§ RECORDED DATA

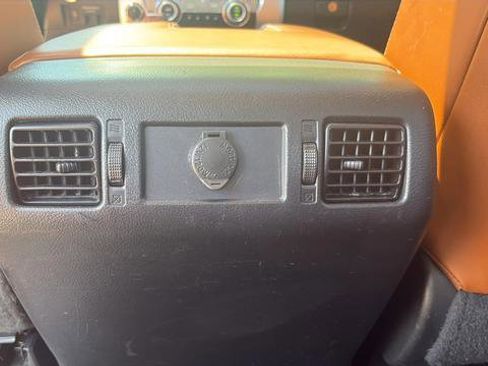 Used 2021 Toyota Tundra Platinum AWD/4WD image 12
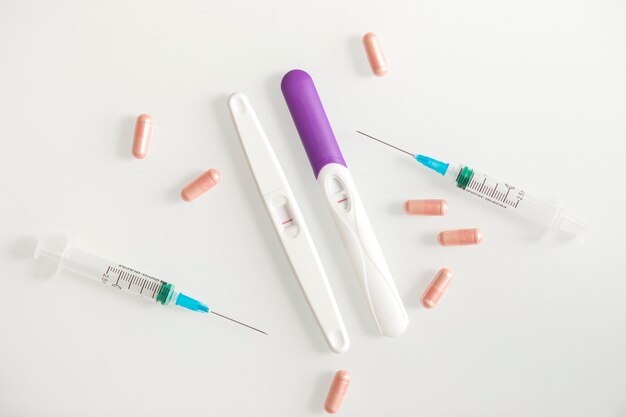 Test di gravidanza e medicina vista dall'alto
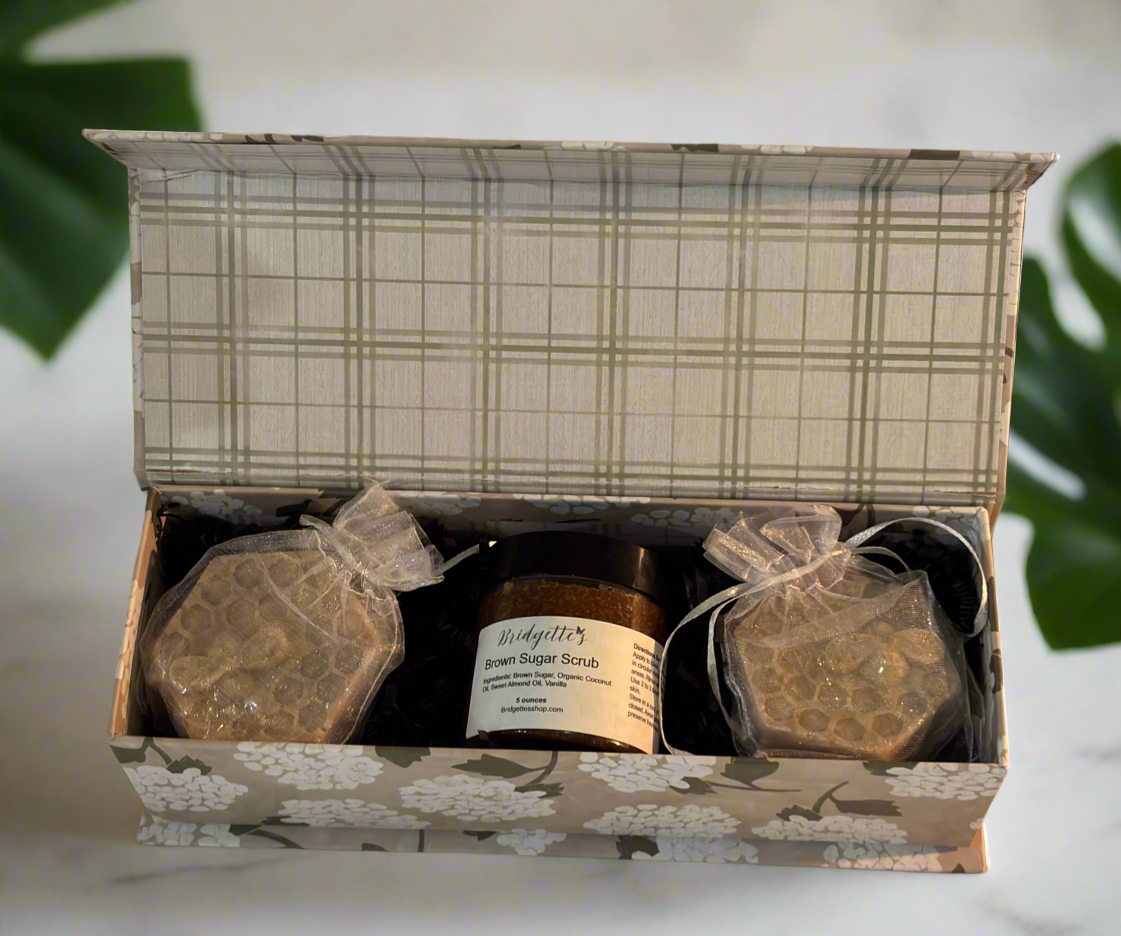 Gift Set Goat Milk Honey Comb Bar Soap with Honey and Oats and Brown Sugar Scrub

§ EXERCISE GOAL
Leaving every image behind, repeat the data in full and exactly.

§ YOUR SOLUTION
 Used 2021 Toyota Tundra Platinum AWD/4WD image 12
 Test di gravidanza e medicina vista dall'alto
 Gift Set Goat Milk Honey Comb Bar Soap with Honey and Oats and Brown Sugar Scrub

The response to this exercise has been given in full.